Here’s Erlichson and Mitchell’s answer:
–HSPA was not a measure of college readiness, leading to a mismatch between students/families believing they were ready when they weren’t.
–Different academic expectations across classrooms, schools, and districts…leading in many school to “grade inflation.”
–Curricular gaps, e.g., no clear definition of what Algebra I was.
–Lack of instructional techniques and alignment to meaningful critical thinking and problem solving skills.
I get that administering tests linked to diploma qualifications to students not in 11th grade conflicts with NJ law (although I don’t know why no one noticed this before, unless legislators and other officials assumed that resorting to this sort of sophistry was beneath the gravitas of the Education Law Center, which represented the plaintiffs). I get that it’s embarrassing to union leaders and their acolytes, who currently include Repollet and Gov. Murphy, to confess that we are, in fact, not “achieving excellent and equitable educational opportunities.” I get that the powers that be might be well-served by having a discussion about whether it’s worth having a diploma qualifying assessments, particularly if it means dumbing them down and lying to parents about their children’s readiness for life after high school.

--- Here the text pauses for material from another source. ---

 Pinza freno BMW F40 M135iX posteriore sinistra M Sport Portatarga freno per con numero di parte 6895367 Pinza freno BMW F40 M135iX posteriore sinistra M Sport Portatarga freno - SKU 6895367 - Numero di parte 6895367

What I don’t get is how our state leaders (with the exception of brave souls like Senator Ruiz) carry on this charade. Commissioner Repollet said, in response to the court ruling,
When they get to 11th and 12th grade, we understand where they are academically and districts and schools are actually remediating and providing intervention. We’re not socially promoting. We’re just saying we’re eliminating the PARCC assessment because we have enough data.
Really? Tell that to the Trenton High School students right down the street whose performance in Algebra 1 is expunged from the School Performance Report because so few kids reached the benchmark for proficiency.
You can look for them in a remedial college course, in low-paying jobs, or on the streets.